-- Exercise goal --
Starting at the first line and ending at the one with "6kVA 5 in 1", give the lines of the listing again exactly, and nothing else; skip the pictures.

-- Material provided --
====================
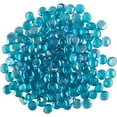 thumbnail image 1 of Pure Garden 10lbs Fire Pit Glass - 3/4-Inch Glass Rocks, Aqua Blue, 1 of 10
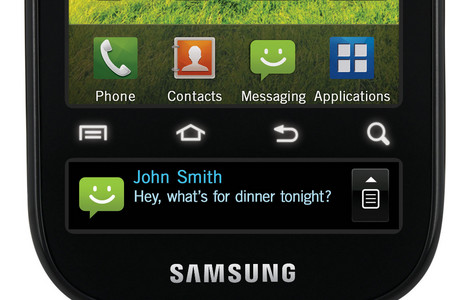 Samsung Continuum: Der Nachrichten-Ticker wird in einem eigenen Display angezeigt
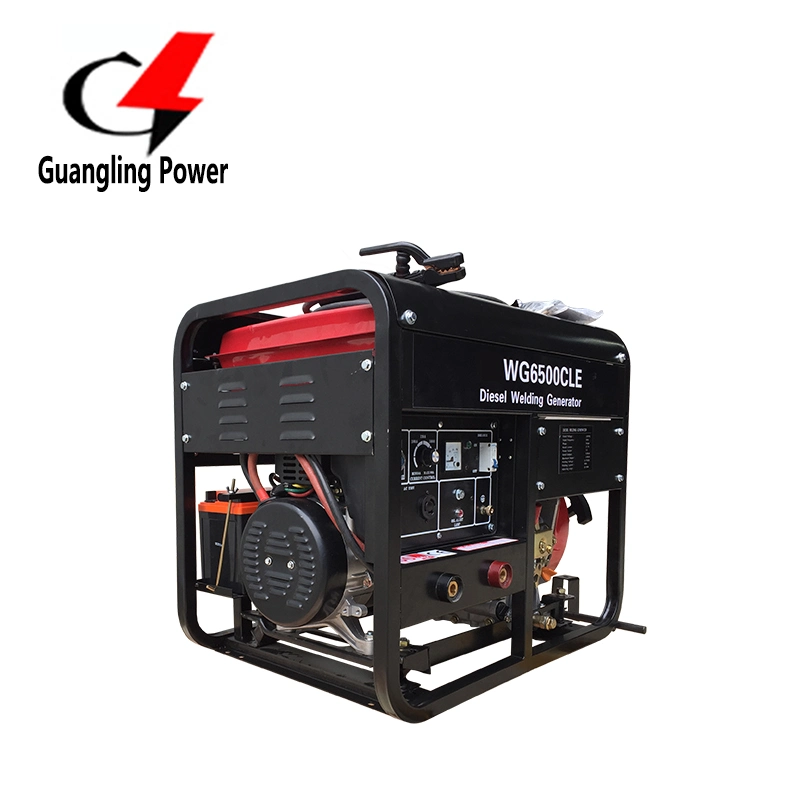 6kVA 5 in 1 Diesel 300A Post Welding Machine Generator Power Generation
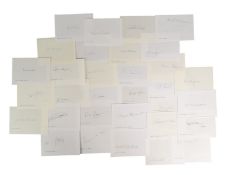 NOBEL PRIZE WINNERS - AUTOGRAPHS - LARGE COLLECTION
====================
-- Your response --
 thumbnail image 1 of Pure Garden 10lbs Fire Pit Glass - 3/4-Inch Glass Rocks, Aqua Blue, 1 of 10
 Samsung Continuum: Der Nachrichten-Ticker wird in einem eigenen Display angezeigt
 6kVA 5 in 1 Diesel 300A Post Welding Machine Generator Power Generation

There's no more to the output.